§ **To do**: Reproduce, without alteration, every line of the data; exclude the images.

§ **Data provided**:
╔══
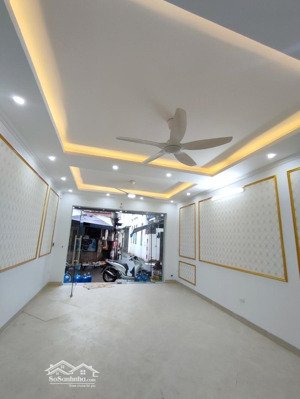 vị trí cực đẹp nhà bùi xương trạch có thang máy-kinh doanh sầm uất-ngõ thông 37m2 7 tầng chỉ 12,5tỷ
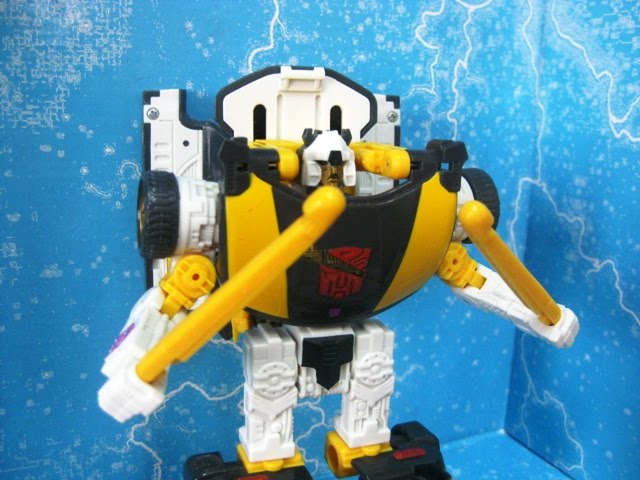 [Armada+Wheeljack08.JPG]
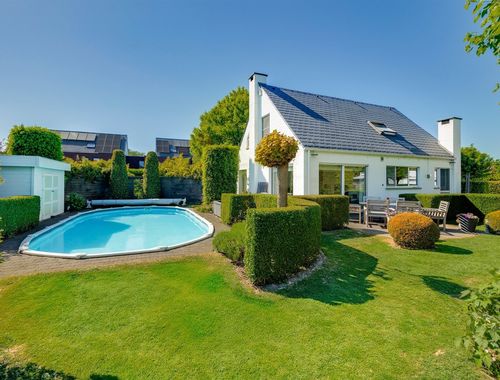                                         Villa à vendre à Boechout, € 735.000

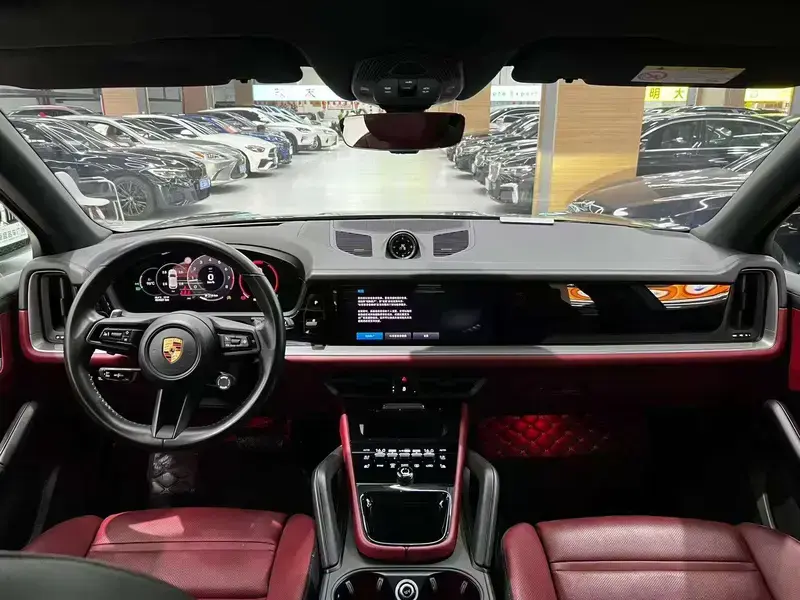 2024 Porsche Cayenne с пробегом 40 000 км
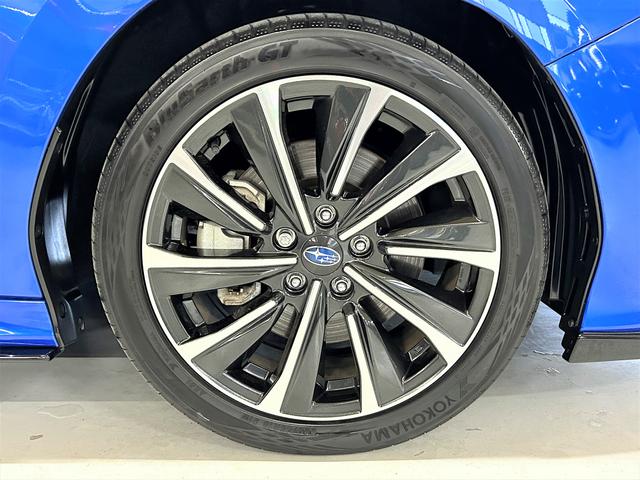 レヴォーグ ＳＴＩスポーツ　ＥＸ　ＳＴＩエアロ　電子制御サスペンション　アイサイトＸ搭載　１１．６インチ大型モニター　ドライバーモニタリングシステム　専用本革シート　パワーリヤゲート　ステアリング連動ヘッドライト　フロント・サイド・バックカメラ　ＥＴＣ２．０（7枚目）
╚══
§ **Answer area**:
 vị trí cực đẹp nhà bùi xương trạch có thang máy-kinh doanh sầm uất-ngõ thông 37m2 7 tầng chỉ 12,5tỷ
 [Armada+Wheeljack08.JPG]
                                         Villa à vendre à Boechout, € 735.000

 2024 Porsche Cayenne с пробегом 40 000 км
 レヴォーグ ＳＴＩスポーツ　ＥＸ　ＳＴＩエアロ　電子制御サスペンション　アイサイトＸ搭載　１１．６インチ大型モニター　ドライバーモニタリングシステム　専用本革シート　パワーリヤゲート　ステアリング連動ヘッドライト　フロント・サイド・バックカメラ　ＥＴＣ２．０（7枚目）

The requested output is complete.